When renovating or building a new bathroom, there are several elements to consider, first being the layout. Where space is limited, a popular option is still to combine the bath and shower as it sections your bath into a wet zone and dry zone. A major benefit with a fully enclosed shower is that minimal water escapes and the area stays comfortably warmer longer and the steam is contained. However gone are the days of cleaning shower curtains, as glass shower screens are not only economically but contemporary and suit any bath shower set up. Whether you choose a traditional door with hinges or sliding door, there is a shower style to suit every space. As enclosed showers can feel cramped, we recommend our clients consider using a frameless or thin framed glass panels.
Pro Tip 👉 If you are opting for a mixer as part of your tapware, place it outside the shower space so you don’t have to reach inside the shower to turn it on.
A contemporary and popular option is a semi-open wet zone.

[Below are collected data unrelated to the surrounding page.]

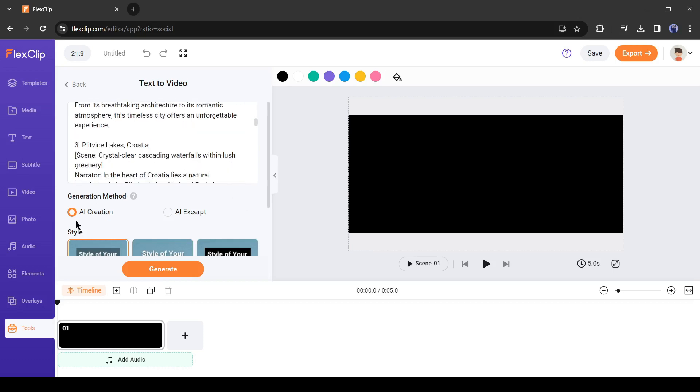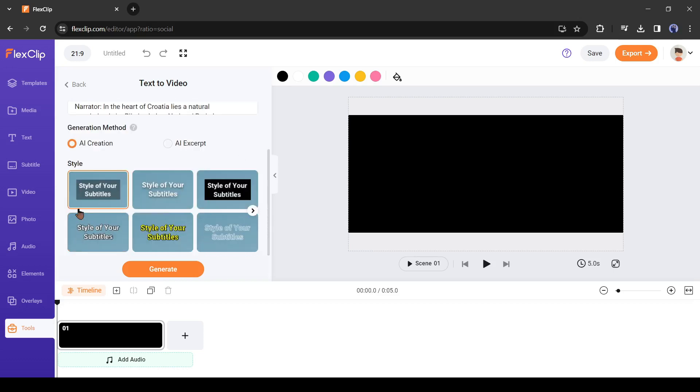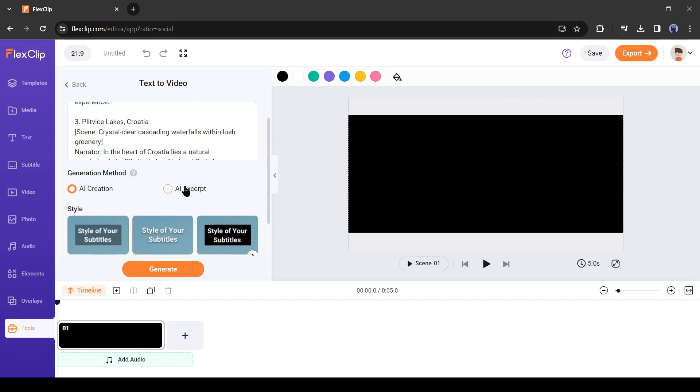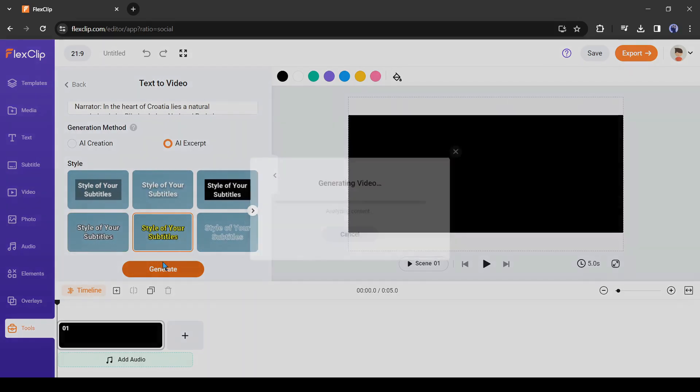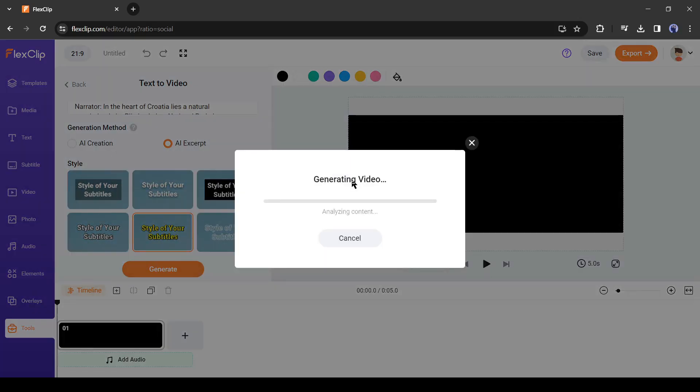On the next page, select the generation method and then style. I will select AI expert. Then select random style. That's not so much important. After all is set, hit the generate button. It will take some time to generate the video. Let's fast forward the video.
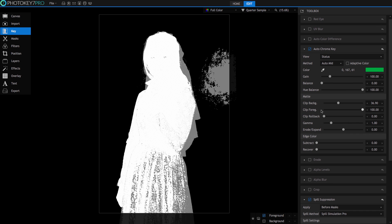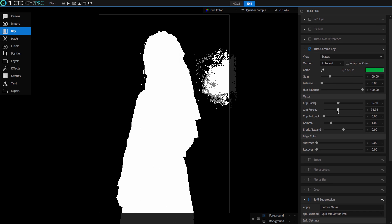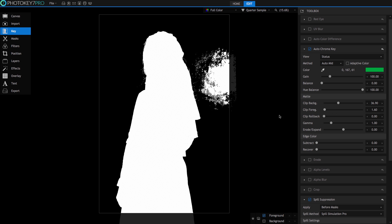Next, go to Clip Foreground and pull the slider across. What you'll see is grey pixels turning white or, in other words, the transparent pixels becoming solid. Once again, fantastic! This is exactly what we want to do.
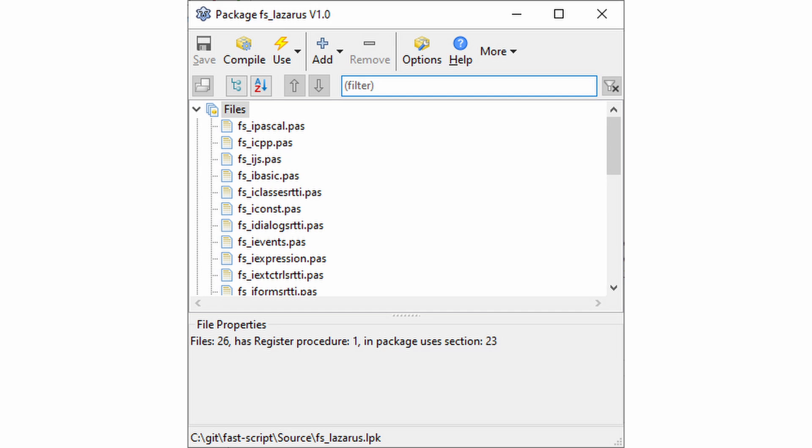You can easily find the package that appears in the dependencies of the one you want to install. However, you can also install all the packages at once, and Lazarus itself will deal with the compilation order.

This style has a minimalist streamlined feel as the floor of the shower area sits flush with the rest of the room and is simply shield with a single glass pain or wall. This style allows the bathroom to feel larger, have a seamless appeal with more focus on the beautiful shower fixtures and tiles. Without a step into the shower or door, it’s a wonderfully accessible option for all users from children to people with limited mobility. Although, one thing to keep in mind is, hot steam can escape quickly so the shower can feel a little cooler without a door. To keep water contained, it’s crucial the width of the dividing glass pane is at least 1500 mm wide.
When selecting tiles are a few considerations. Choosing the right tiles for your walls and floors can create the illusion of having more space in a room but it’s tricky. Tiles that are too big will make the room seem smaller while on the other hand tiles that are very small such as mosaics will add extra grout lines and this can also visually shrink the space. Although in saying that, small tiles are suitable if you’re trying to achieve a more detailed heavy look.
For rooms that are on the smaller side, we recommend medium-sized tiles in white or light neutral tones and vertically running the tiles from the floor to ceiling in order to make the ceiling feel higher. If you are lucky enough to have a large bathroom which is over 9m2, mixing up your tiles is a great way to create separate areas of focus.
Pro Tip 👉 To help make a room feel more spacious, avoid using many different tile styles in the one space as the same tile will give a smoother flow.